De eerste succesvolle generatie stempelsnijders was de familie Roettiers.
Vanaf de achttiende eeuw kregen we in de Nederlanden een heropleving van de medaillekunst met de komst van Theodore-Victor Van Berckel.

In de negentiende eeuw traden in België een aantal bekwame medailleurs, stempelsnijders op de voorgrond. De Gentse Joseph Braemt, de broers Wiener, Jacques, Leopold en Charles, de Bruggeling François De Hondt, Jouvenel, Julien Leclercq en anderen.

Vanaf de tweede helft van de negentiende eeuw kwam door de mechanisatie echter een ingrijpende wijziging in de productie van medailles.

Veruit het belangrijkst was de popularisatie en verbetering van de reduceerbank.
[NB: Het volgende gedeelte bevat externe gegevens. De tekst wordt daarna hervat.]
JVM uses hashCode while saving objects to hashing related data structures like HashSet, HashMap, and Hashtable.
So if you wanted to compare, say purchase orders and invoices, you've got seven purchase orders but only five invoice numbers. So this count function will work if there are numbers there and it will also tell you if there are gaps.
Voordien werden de afbeeldingen van geslagen medailles zoals gezegd steeds rechtstreeks in de metalen stempels gegraveerd, waardoor het vervaardigen van penningen een zeer gespecialiseerde discipline bleef. Nu werd het mogelijk om de afbeelding op groter formaat en in een ander materiaal (bvb. gips) te modelleren, waarna een mechanische verkleiningsmachine de stempels produceerde. Daardoor kon de medaillekunst ook beoefend worden door artiesten die een opleiding als beeldhouwer hadden genoten. De eerste grote beeldhouwer-medailleur die van deze methode gebruik maakte was de Fransman Jules-Clément Chaplain. Voor de meeste beeldhouwers was de creatie van penningen van ondergeschikt belang, maar enkelen gingen zich bijna uitsluitend op deze kunsttak toeleggen. Dit leidde uiteraard tot verschillen in de uitwerking : de beeldhouwers, voor wie een medaille een bas-reliëf in miniatuur bleef, wendden meestal een veel hoger reliëf aan dan de gespecialiseerde medaillleurs, zoals bijvoorbeeld G. Devreese.
Daarnaast werd meer en meer gebruik gemaakt van een artificieel aangebrachte en aangepaste patina op de medaille, waardoor de kunstenaar ook gebruik kon maken van kleurenschakeringen om eigen accenten te leggen en om het door hem gewenst effect te bekomen. Dit was vooral nuttig omdat door de nieuwe productietechniek de stijl van de medailles geëvolueerd was van afbeeldingen met een hoog en scherp reliëf op een volledig vlakke en gepolierde achtergrond naar een totaalcompositie waarin beeltenis, achtergrond en omschrift één geheel vormen.
Ook werd vanaf het einde van de negentiende eeuw meer en meer afgestapt van de traditionele ronde vorm voor de medailles. Daardoor kreeg de kunstenaar veel meer mogelijkheden om zijn inspiratie uit te werken.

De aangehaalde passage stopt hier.